"Há 30 anos não me considero um militante político, mas um militante pela literatura", afirmou o italiano, que passou quatro anos preso no Brasil (Christophe Simon/AFP)
Da Redação
Publicado em 17 de fevereiro de 2012 às 13h39.
Rio de Janeiro - Do terraço de seu apartamento quase vazio e com vista panorâmica da baía do Rio, o ex-militante italiano de extrema-esquerda Cesare Battisti prepara o lançamento de seu próximo livro, escrito na prisão e que será publicado em breve na França e no Brasil.
"Face au mur" será publicado no dia 7 de março pela editora francesa Flammarion, sem a presença do autor, refugiado no Brasil. Sua versão brasileira, "Ao pé do muro" ficará a cargo da editora Martins Fontes e será lançado em 12 de abril.
"A presidente da Flammarion, Tereza Cremisi, quer fazer um bom lançamento. Ela me disse que talvez ocorram problemas com os italianos, mas que, em primeiro lugar, é uma editora", afirmou à AFP Battisti, exigido pela Itália por assassinatos cometidos no fim dos anos 1970, dos quais se declara inocente.
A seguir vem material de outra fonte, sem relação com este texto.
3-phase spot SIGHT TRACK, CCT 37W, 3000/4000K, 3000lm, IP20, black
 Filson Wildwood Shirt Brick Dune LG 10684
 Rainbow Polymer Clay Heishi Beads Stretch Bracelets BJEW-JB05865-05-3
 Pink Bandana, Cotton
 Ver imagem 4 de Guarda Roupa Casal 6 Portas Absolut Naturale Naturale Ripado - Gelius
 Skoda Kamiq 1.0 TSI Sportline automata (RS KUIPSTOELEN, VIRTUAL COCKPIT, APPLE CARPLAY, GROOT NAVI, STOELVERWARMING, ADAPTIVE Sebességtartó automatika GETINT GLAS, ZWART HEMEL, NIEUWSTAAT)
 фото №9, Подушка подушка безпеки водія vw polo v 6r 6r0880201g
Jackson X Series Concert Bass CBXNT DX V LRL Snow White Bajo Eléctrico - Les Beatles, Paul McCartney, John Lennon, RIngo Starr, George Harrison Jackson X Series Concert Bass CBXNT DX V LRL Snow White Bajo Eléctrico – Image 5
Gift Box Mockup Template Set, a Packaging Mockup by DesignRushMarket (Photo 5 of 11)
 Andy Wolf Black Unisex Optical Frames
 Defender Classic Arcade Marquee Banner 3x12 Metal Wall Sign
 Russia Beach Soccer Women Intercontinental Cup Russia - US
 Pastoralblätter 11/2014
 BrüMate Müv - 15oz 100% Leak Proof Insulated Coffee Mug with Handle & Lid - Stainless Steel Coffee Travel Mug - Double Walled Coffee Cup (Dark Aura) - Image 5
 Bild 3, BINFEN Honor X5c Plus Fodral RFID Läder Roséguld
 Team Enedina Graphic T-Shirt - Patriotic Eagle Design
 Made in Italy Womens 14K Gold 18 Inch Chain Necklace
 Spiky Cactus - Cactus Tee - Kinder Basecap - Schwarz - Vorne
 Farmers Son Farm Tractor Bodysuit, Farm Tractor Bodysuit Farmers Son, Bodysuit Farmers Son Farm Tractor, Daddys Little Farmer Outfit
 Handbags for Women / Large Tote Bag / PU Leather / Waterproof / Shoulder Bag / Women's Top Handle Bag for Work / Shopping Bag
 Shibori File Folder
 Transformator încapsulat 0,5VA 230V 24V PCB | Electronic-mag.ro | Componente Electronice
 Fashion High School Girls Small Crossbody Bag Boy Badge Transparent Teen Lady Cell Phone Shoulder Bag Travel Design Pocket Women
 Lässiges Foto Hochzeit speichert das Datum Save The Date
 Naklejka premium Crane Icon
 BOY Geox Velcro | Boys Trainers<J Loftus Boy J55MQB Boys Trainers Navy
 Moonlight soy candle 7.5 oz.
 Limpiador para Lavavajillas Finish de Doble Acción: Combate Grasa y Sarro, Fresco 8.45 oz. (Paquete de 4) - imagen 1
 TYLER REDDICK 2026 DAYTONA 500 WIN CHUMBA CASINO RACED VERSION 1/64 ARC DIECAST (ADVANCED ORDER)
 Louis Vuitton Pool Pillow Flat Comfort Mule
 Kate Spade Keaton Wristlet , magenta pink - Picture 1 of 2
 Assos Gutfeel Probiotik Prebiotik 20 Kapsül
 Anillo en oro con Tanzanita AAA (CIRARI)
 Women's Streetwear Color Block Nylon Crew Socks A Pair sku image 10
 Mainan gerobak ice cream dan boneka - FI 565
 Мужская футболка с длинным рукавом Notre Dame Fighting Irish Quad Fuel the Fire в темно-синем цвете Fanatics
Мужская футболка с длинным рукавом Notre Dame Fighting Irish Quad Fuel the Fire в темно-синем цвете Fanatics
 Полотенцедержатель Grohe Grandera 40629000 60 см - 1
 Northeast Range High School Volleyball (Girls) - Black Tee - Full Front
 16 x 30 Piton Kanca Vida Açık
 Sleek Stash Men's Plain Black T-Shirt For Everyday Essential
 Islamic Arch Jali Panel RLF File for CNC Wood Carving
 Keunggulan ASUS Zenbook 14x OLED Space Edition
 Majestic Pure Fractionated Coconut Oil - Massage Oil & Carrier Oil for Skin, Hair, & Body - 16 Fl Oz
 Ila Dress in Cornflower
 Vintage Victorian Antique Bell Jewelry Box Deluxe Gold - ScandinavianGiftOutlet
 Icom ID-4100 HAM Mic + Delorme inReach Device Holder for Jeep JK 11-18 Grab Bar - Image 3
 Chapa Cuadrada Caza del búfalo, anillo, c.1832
O livro, escrito em francês, não é autobiográfico, mas fala do Brasil e de suas injustiças através dos relatos dos prisioneiros com os quais conviveu durante anos.
"A prisão só aparece como pano de fundo. Tereza se encantou com o fato de ter encontrado a maneira de falar do Brasil através de prisioneiros brasileiros. Há detalhes divertidos e dramáticos", acrescenta.
"Capturei verdadeiramente a emoção do prisioneiro quando fala. Exagera a noção de liberdade, a sublima. O pior dos criminosos é capaz de ser terno", explica Battisti, que levou dois anos e meio para escrever seu livro a mão, no início escondido, porque era proibido de fazê-lo.
"Ver-me escrevendo em vez de ler revistas pornô intrigava os detentos. Eram celas para duas pessoas, mas, às vezes, éramos dez. Nós nos revezávamos para dormir", lembra Battisti.
Teve a ideia do livro durante o passeio diário de duas horas no pátio da prisão.
"Estou sentado ao pé de paredes altas, vejo um pedaço de céu azul e um raio de sol e me desloco à medida que se move. Cruzo com o olhar de um detido e lanço sua amarga história sobre o papel. Quero saber como chegou ali. É o sistema o que produz o crime. O criminoso é também uma vítima", afirma.
Battisti também está presente em seu livro. Traça uma ida e volta entre Brasília e seu presente na prisão e o Rio, seu passado na semiclandestinidade.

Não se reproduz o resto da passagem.